Might we further assume that much of what the literature reports was in fact an elite view of the social system, taken from noble (Nosu) informants? In many areas it may have been the case that farmers of varying cultural allegiances were preyed on and extorted by the martial Nosu lords descending from their mountain strongholds, carrying off children as slaves and exacting tribute, and did not perhaps see themselves as a necessary part of this system at all. We do know that the Hmong in nineteenth-century Yunnan sometimes had Yi landlords, and it seems quite possible therefore that Hmong "tenants" could have been regarded by the Nosu as a part of their social system-perhaps as white-boned subjects or house-slaves, perhaps as "separated-slaves" (i.e., house-slaves who had been given a measure of independence). This would provide another potential explanation of the term "White Hmong."

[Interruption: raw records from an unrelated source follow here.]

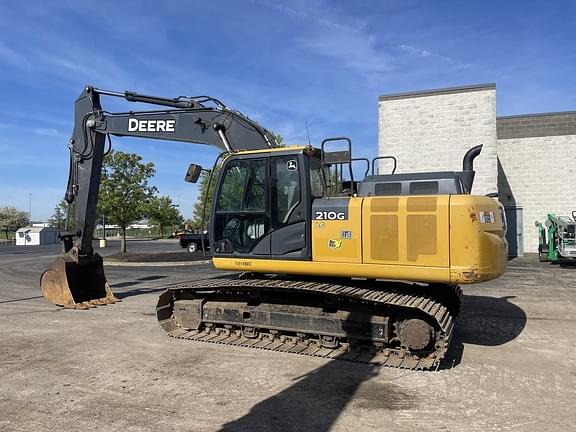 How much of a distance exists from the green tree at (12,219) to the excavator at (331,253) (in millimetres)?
78414

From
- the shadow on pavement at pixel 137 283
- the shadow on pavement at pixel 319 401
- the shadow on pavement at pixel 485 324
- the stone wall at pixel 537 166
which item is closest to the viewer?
the shadow on pavement at pixel 319 401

It is just possible that double Hmong surnames arose in this way, to signify a dual affiliation related to Yi peoples, which may originally have been of a regional, military, or class-based, feudal nature. The dual orientation of Hmong "otherness" towards both the "Sua" (Chinese) and the "Mang" (Yi), the repeated associations of different groups of Hmong with the "whiteness" that characterized the lower strata of Yi society, and the possible derivation of Graham's "Hmong Bo" from the Bo people, who were also associated with "whiteness" and the Yi people, all seem to point towards such a view, which would emphasize the role of Hmong relations towards the Yi in the historical past, rather than painting Hmong history, as the Hmong themselves so often do, purely in terms of Hmong-Han relations.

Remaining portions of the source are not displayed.